■ WORK TO BE COMPLETED
Could you restate the entries below word for word and leave out the pictures?
========================================
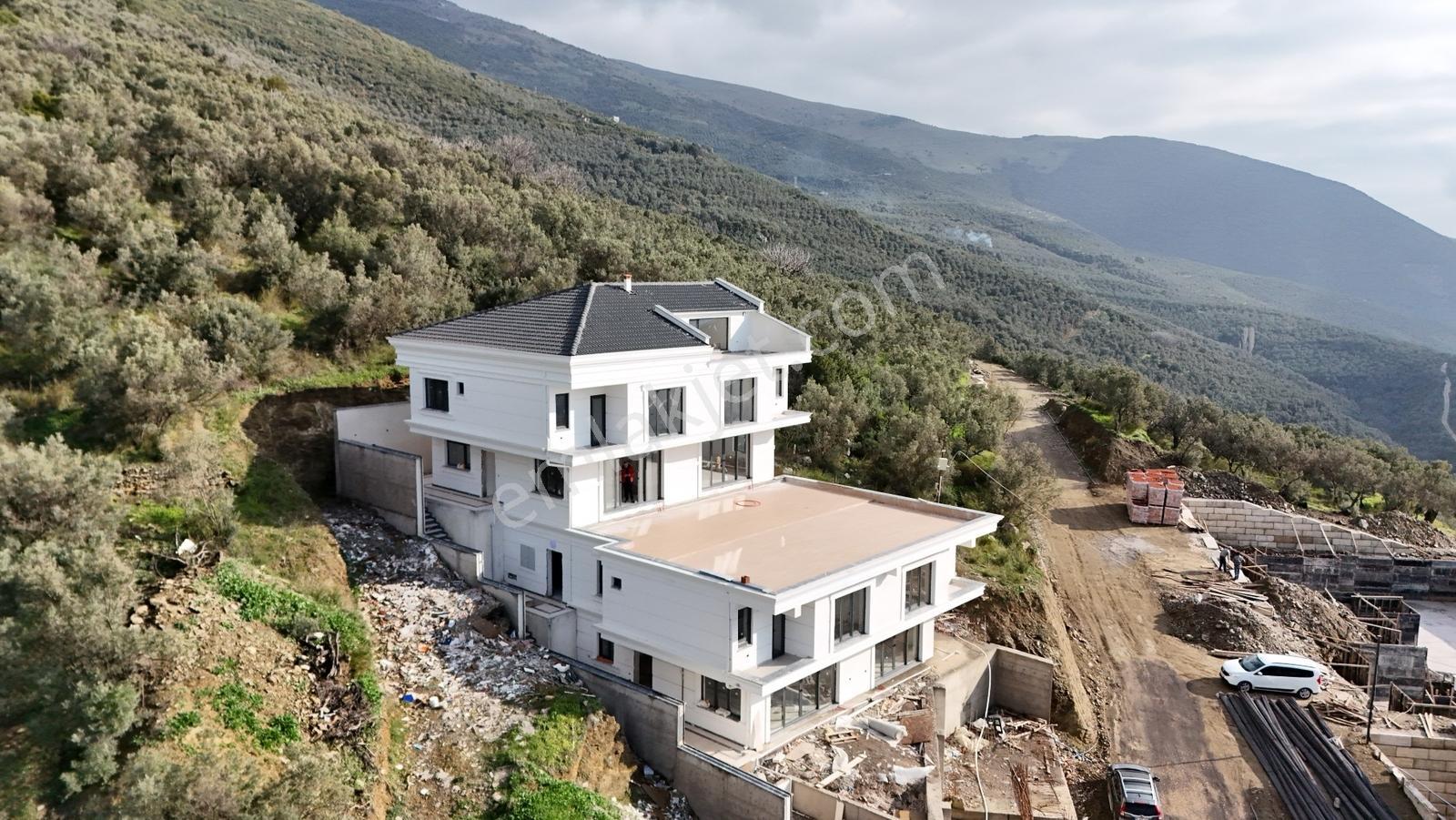 Özkandan Manastırda Özel Yapım Havuzlu Full Manzara Lüx Villalar - Görsel 31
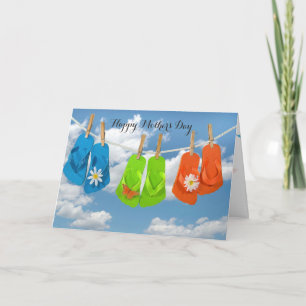 Carte Les tongs de la Fête des Mères accrochés à une lig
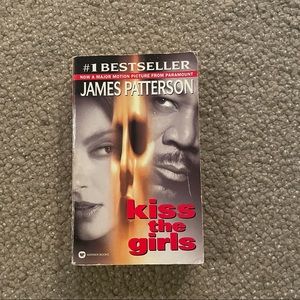 Set of four pulpy paperbacks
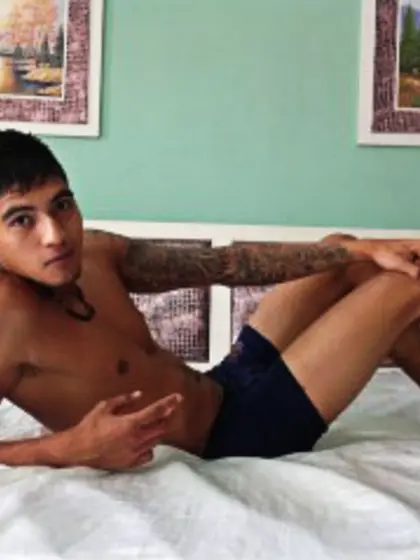 Brunette jhon perform anal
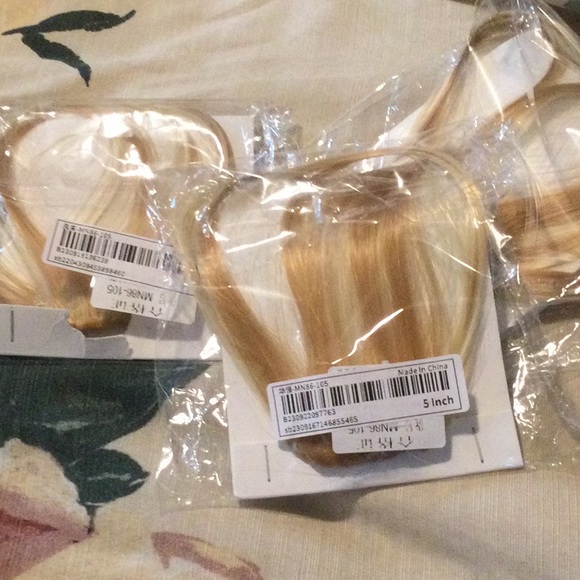 Synthetic Blond Bangs set of 3 - Picture 4 of 6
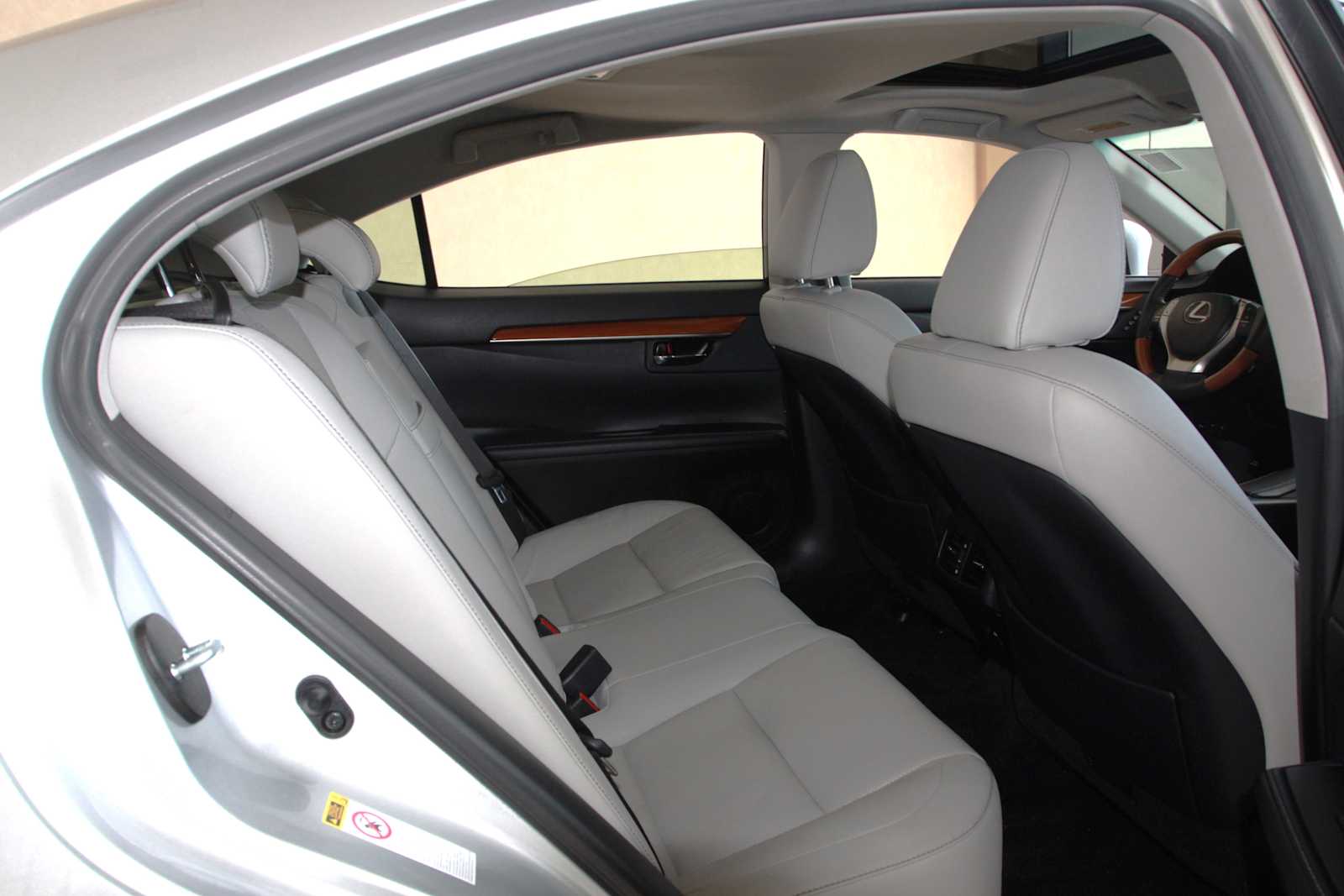 used 2015 Lexus ES 300h car, priced at $18,998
========================================
■ ANSWER SECTION
 Özkandan Manastırda Özel Yapım Havuzlu Full Manzara Lüx Villalar - Görsel 31
 Carte Les tongs de la Fête des Mères accrochés à une lig
 Set of four pulpy paperbacks
 Brunette jhon perform anal
 Synthetic Blond Bangs set of 3 - Picture 4 of 6
 used 2015 Lexus ES 300h car, priced at $18,998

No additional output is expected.